WHAT YOU NEED TO DO. Lines from the line with "Women's June +" to the line with "Construction Boot Christmas Card" in the entries below, and only those, must be output exactly, with both ends included.

(RECORDED INFORMATION)

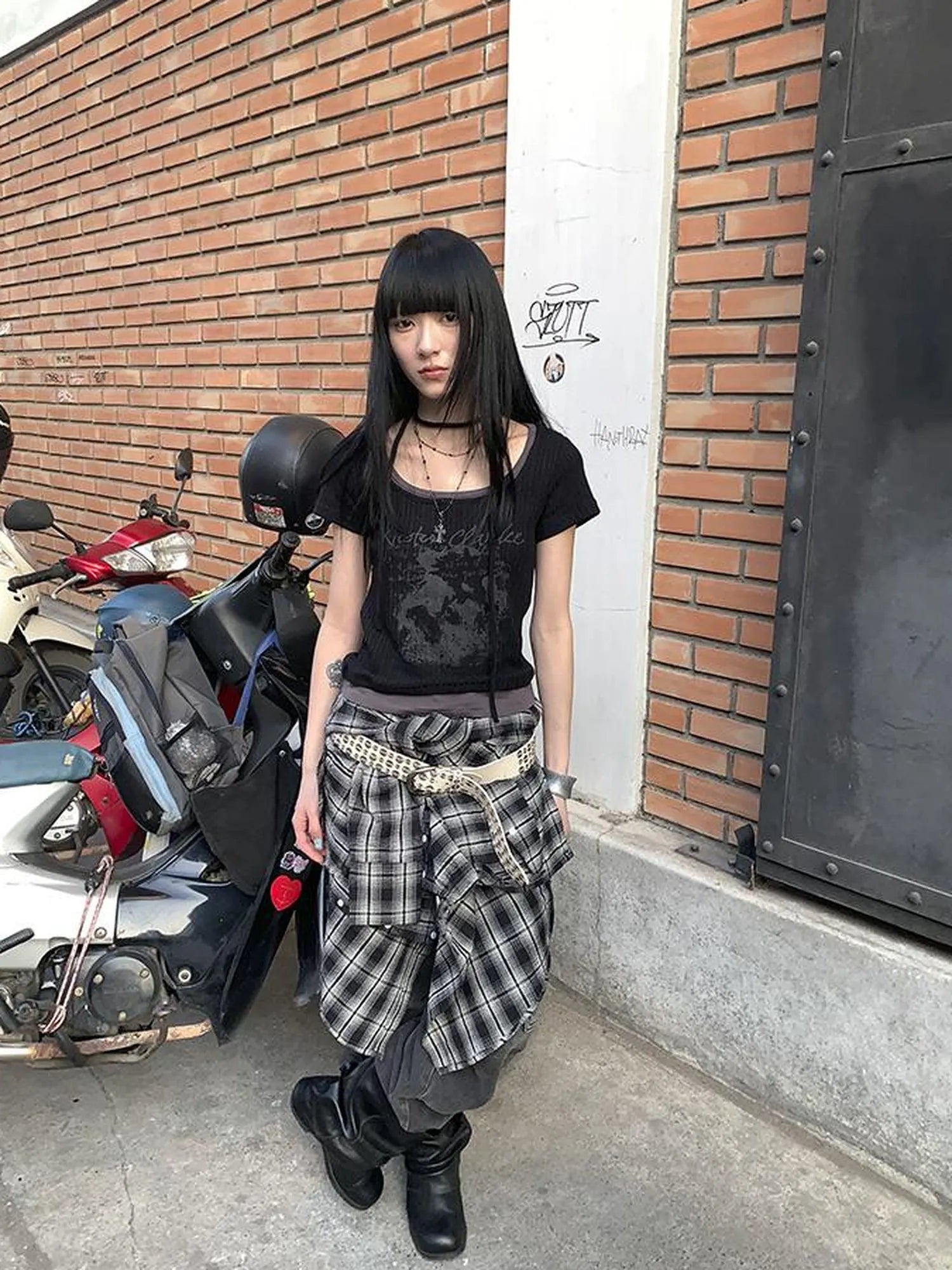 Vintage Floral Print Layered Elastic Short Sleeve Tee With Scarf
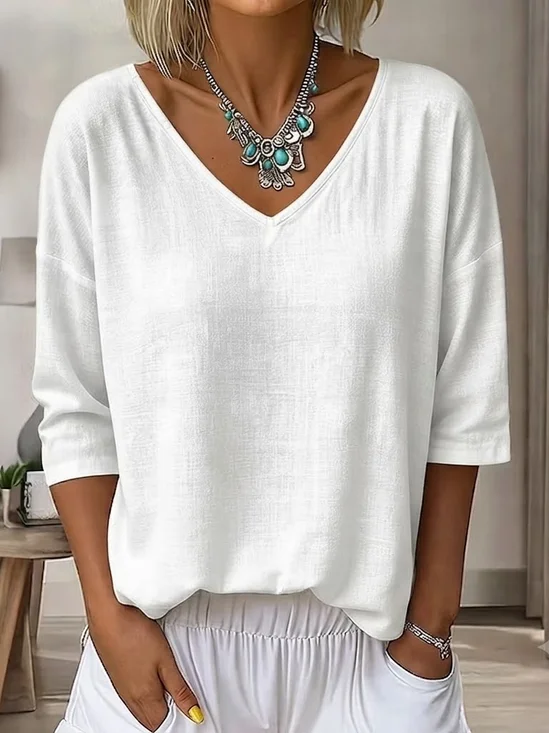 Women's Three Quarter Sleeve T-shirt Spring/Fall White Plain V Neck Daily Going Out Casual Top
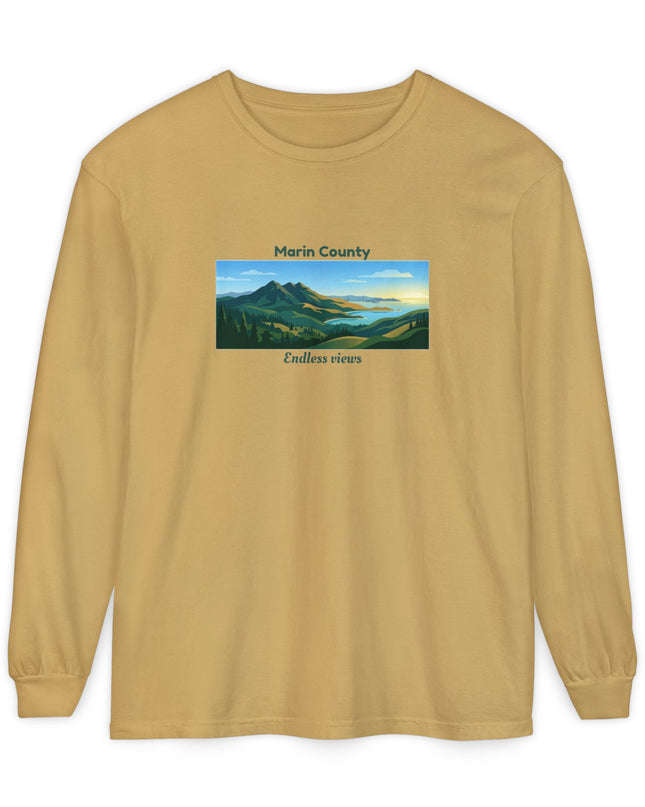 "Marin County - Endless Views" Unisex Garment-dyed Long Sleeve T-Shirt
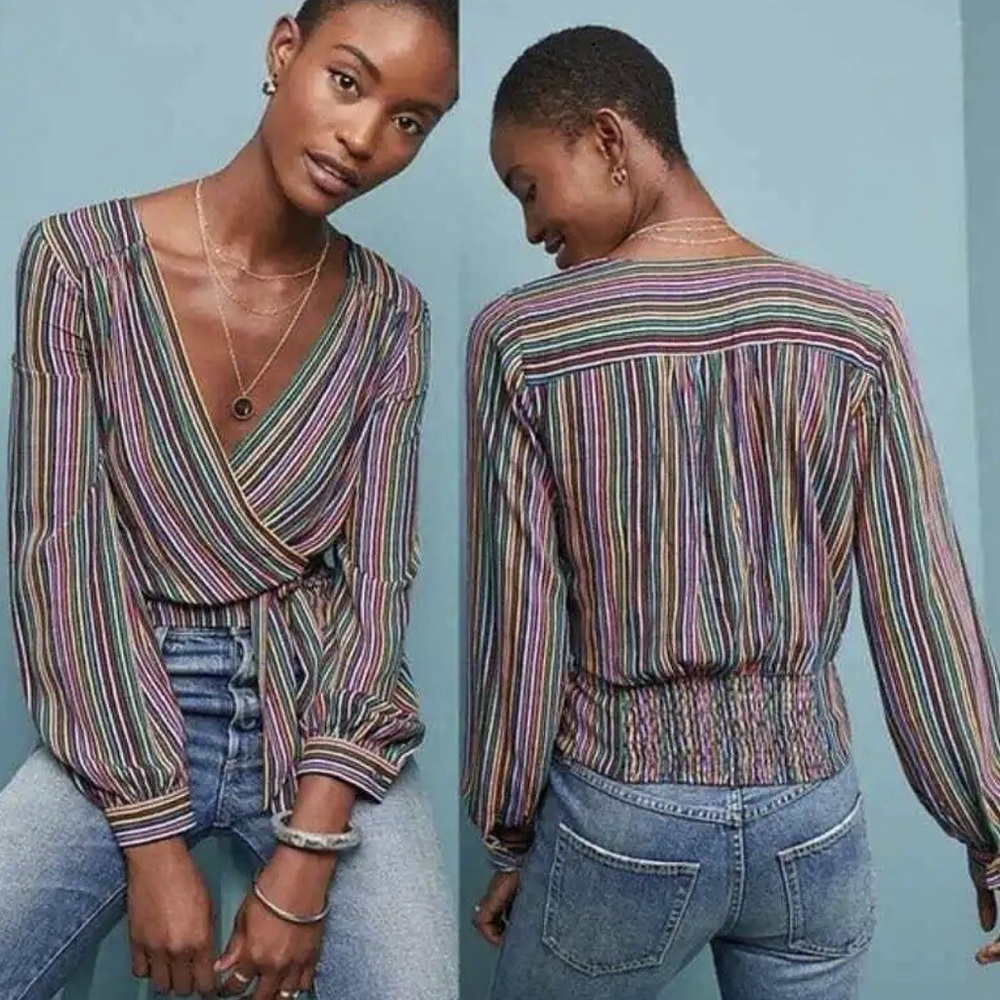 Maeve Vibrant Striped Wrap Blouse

(End RECORDED INFORMATION)
(RECORDED INFORMATION)

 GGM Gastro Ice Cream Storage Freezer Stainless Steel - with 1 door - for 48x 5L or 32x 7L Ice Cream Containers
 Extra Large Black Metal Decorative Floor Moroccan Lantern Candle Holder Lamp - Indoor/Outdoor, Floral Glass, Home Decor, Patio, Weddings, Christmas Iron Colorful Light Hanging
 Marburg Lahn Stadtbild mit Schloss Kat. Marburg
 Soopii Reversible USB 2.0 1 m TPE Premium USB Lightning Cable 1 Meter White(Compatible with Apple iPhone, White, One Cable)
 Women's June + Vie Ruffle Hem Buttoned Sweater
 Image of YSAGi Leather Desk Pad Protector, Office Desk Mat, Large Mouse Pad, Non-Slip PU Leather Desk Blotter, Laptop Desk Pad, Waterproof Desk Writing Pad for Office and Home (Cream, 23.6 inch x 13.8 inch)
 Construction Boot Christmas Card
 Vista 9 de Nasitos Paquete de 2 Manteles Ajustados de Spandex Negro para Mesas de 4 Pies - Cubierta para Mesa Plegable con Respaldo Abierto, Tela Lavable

(End RECORDED INFORMATION)
(RECORDED INFORMATION)

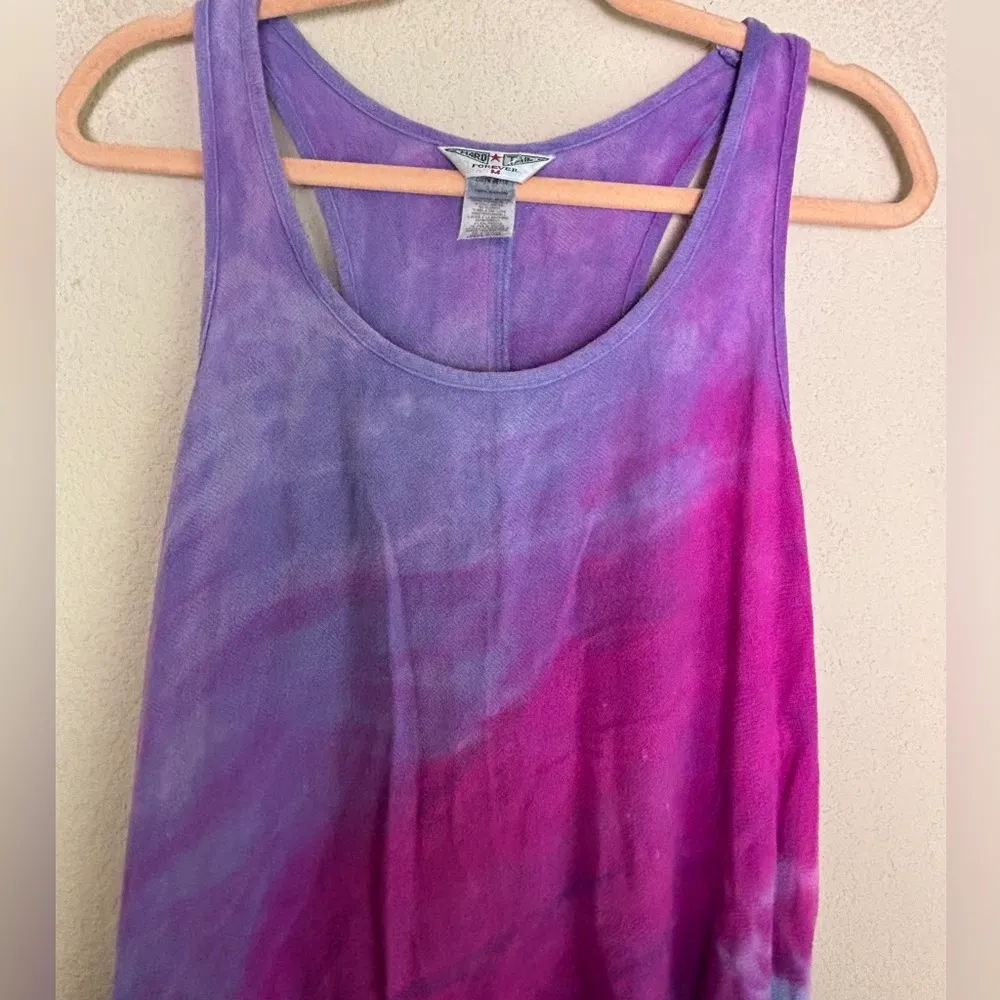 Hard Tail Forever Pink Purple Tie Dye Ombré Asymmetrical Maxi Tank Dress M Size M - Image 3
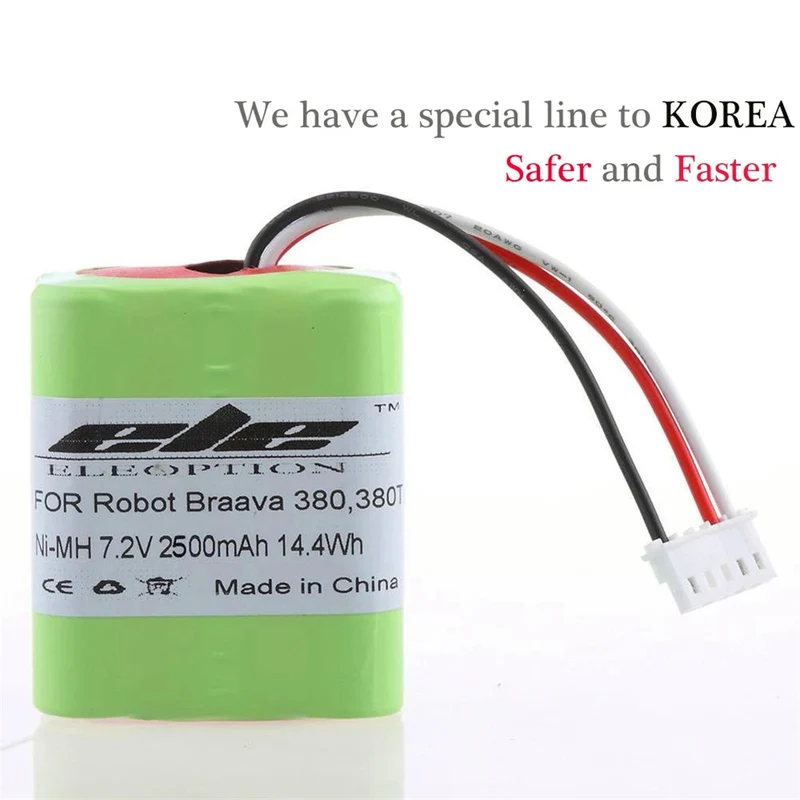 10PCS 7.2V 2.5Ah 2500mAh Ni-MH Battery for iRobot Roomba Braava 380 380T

(End RECORDED INFORMATION)

TASK RESULT.
 Women's June + Vie Ruffle Hem Buttoned Sweater
 Image of YSAGi Leather Desk Pad Protector, Office Desk Mat, Large Mouse Pad, Non-Slip PU Leather Desk Blotter, Laptop Desk Pad, Waterproof Desk Writing Pad for Office and Home (Cream, 23.6 inch x 13.8 inch)
 Construction Boot Christmas Card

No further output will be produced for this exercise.